One of the most persistent mistakes in design is building for today’s problems with no forethought as to how your solution will accommodate tomorrow’s needs. 

Many content models are designed to be single-purpose.  They reflect a design frozen in time when the model was conceived – often by an outside party such as a vendor or committee. Authors can’t change what they are permitted to create, so the model will often be vague and unhelpful to not overly constrain the author. They miss out on the power of true modularity. 

When you keep your model fluid, you can test and learn.

Make sure you can take apart your model (and change it)

Bent Flyvbjer and Dan Gardner recently published a book on the success or failure of large projects called How Big Things Get Done.  They contrast viewing projects as “one big thing” versus “many small things.”

Flyvbjer and Gardner cite LEGO as a model for how to approach large projects. They say: “Get a small thing, a basic building block. Combine it with another and another until you have what you need.”

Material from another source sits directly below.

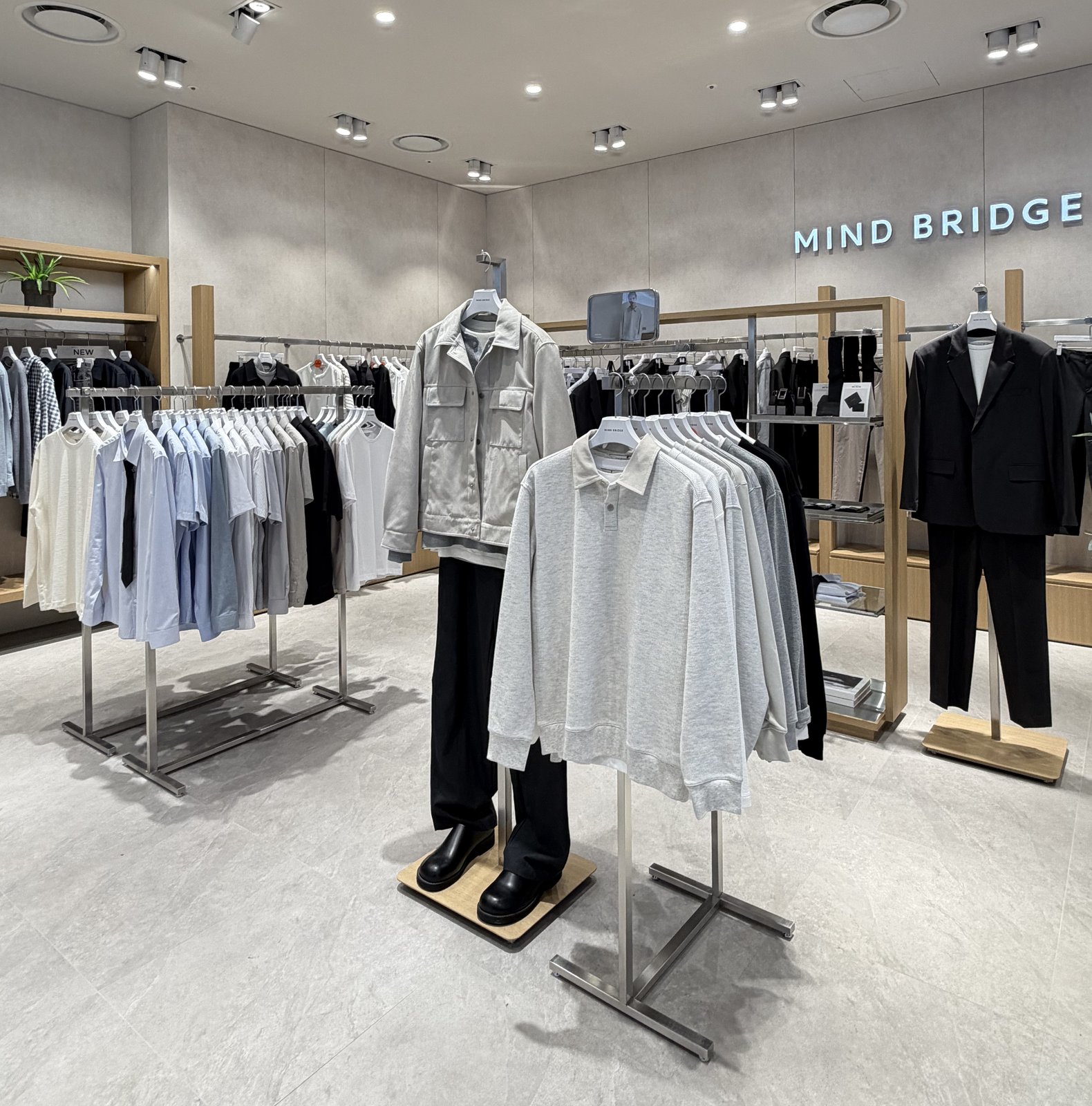Clothing rail with polo shirts and jacket display near signage wall
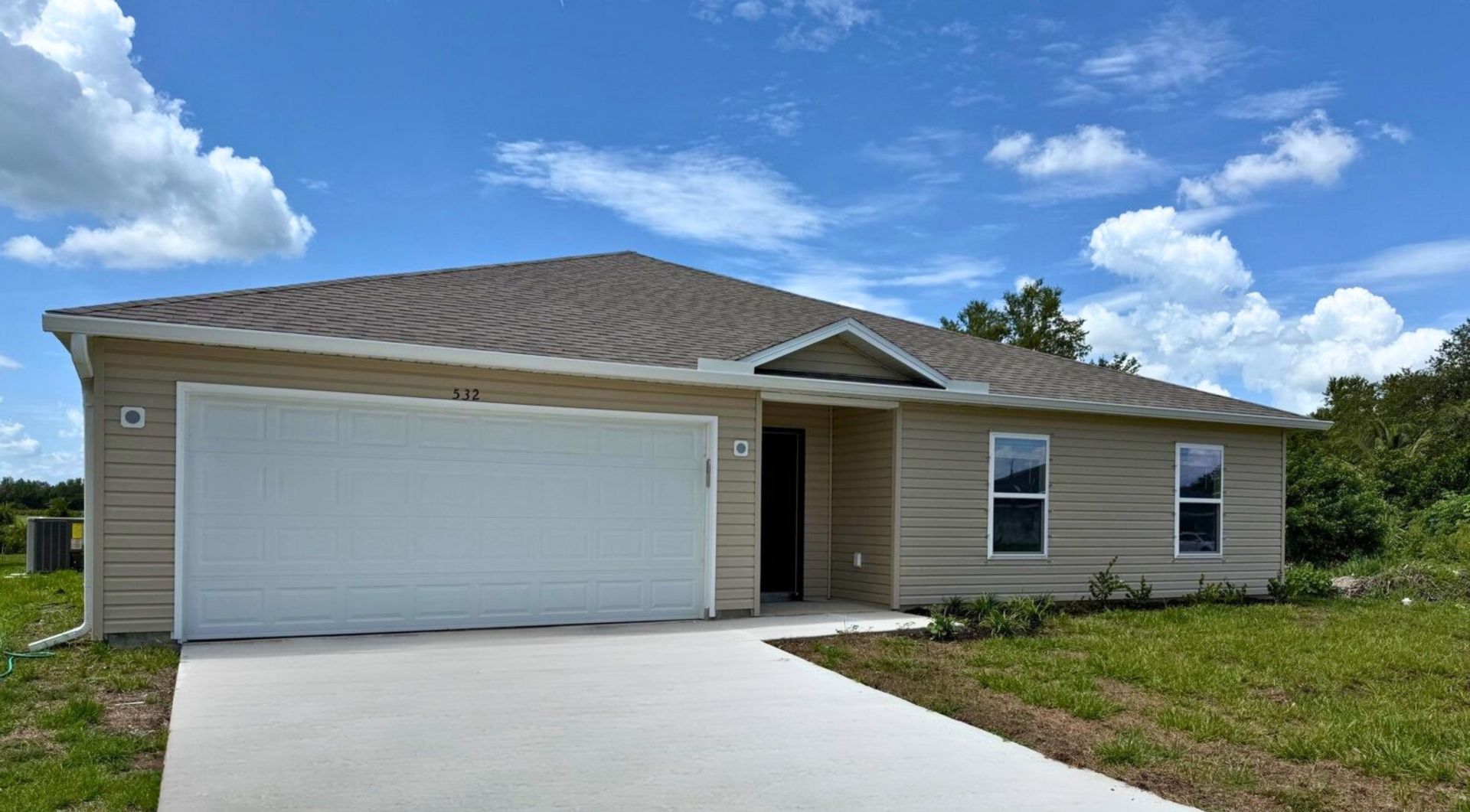 Single-story beige house with a two-car garage and well-maintained front lawn under a clear blue sky.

The textbook example they cite of designing “one big thing” all at once is a nuclear power plant.  

Flyvbjer and Gardner comment: “You can’t build a nuclear power plant quickly, run it for a while, see what works and what doesn’t, then change the design to incorporate the lessons learned. It’s too expensive and dangerous.”

Building a content model can seem like designing a nuclear power plant: a big project with lots of details that can go wrong. Like designing a nuclear power plant, building a content model is not something most of us do very often.  Most large content models are developed in response to a major IT re-platforming.  Since re-platformings are infrequent, most folks don’t have experience building content models, and when a re-platform is scheduled, they are unprepared. 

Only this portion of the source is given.